Adieu ma fille. Je t'aime plus fort, plus grand qu'il ne me sera jamais donné d'aimer.

mercredi 2 février 2011

Pour toi.

Le rayon de soleil caresse sa joue. De sa bouche à demi ouverte il a l'air de le goûter. Le temps s'est arrêté, il a une immobilité surnaturelle. Il est plaisir. Chaque pore de sa peau profite du moment. Il ne fait rien. Il est, et c'est suffisamment important pour qu'il s'y consacre tout entier.

Il est sa peau qui sent la douce chaleur, il est son oeil, lointain, qui capte en flouté le jeu du clair-obscur. C'est très intéressant. C'est très nécessaire. C'est très agréable. Pourquoi irait-il s'embêter avec les jeux étranges des autres ? Ils sont si loin, ces autres, ils gravitent autour de lui, n'arrêtent pas de bouger, d'une drôle de manière, égrainent sans arrêt des mots sans suite. Ils sont étranges, vains, et un peu effrayants.

Lui, il est occupé. C'est tellement passionnant de sentir, de ressentir. Chaud, froid, doux, rugueux, la peau est un trésor qui révèle mille merveilles. Et regarder ! Les jeux de lumière sur les objets, les doigts qui dansent devant les yeux. Sa tête, son corps, tout ça ne fait qu'un, tout est ensemble occupé à ressentir.

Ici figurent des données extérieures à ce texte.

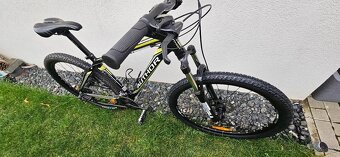 Autor Rival 27,5", vel. M - 5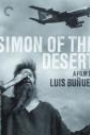 SIMON OF THE DESERT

Il vit dans un drôle de monde, qui ne comprend rien. Alors pour se rassurer, pour ne pas disparaître, pour avoir moins peur, il s'est inventé des formules magiques, des rituels et des gestes secrets, et de belles habitudes bien carrées qui évitent de se sentir complètement perdu, terrifié au milieu de l'inconnu.

Il marche toujours sur la corde raide. Au milieu il est bien. Heureux. Mais il risque toujours de trébucher, des deux côtés dans le rien, qui aspire et dévore. Pourtant il n'a pas si peur que ça. Parce que maintenant, il sait.
Il y a près de lui, toujours juste assez près, une main qui le porte, qui le touche avec amour, qui le sauve. Une main tendue entre lui et le monde, entre lui et les ténèbres, entre lui et lui.
A cette main est accroché un regard. Un regard plein d'amour qui lui dit qu'il est, qu'il mérite le bonheur. Un regard si puissant qu'il lui donne envie, parfois, de sortir du cocon qu'il a tissé autour de lui, et d'aller un peu vers les autres, vers les apprentissages, vers lui-même.

Alors dans son regard à lui le vide se remplit. Ses yeux s'éclairent, entraînent sur son visage un sourire qui vient du creux de lui. Alors il rit, il chante, il dit, dans ses mots secrets qui n'appartiennent qu'à lui, qu'il a une place, la meilleure, dans ce monde si peu fait pour lui.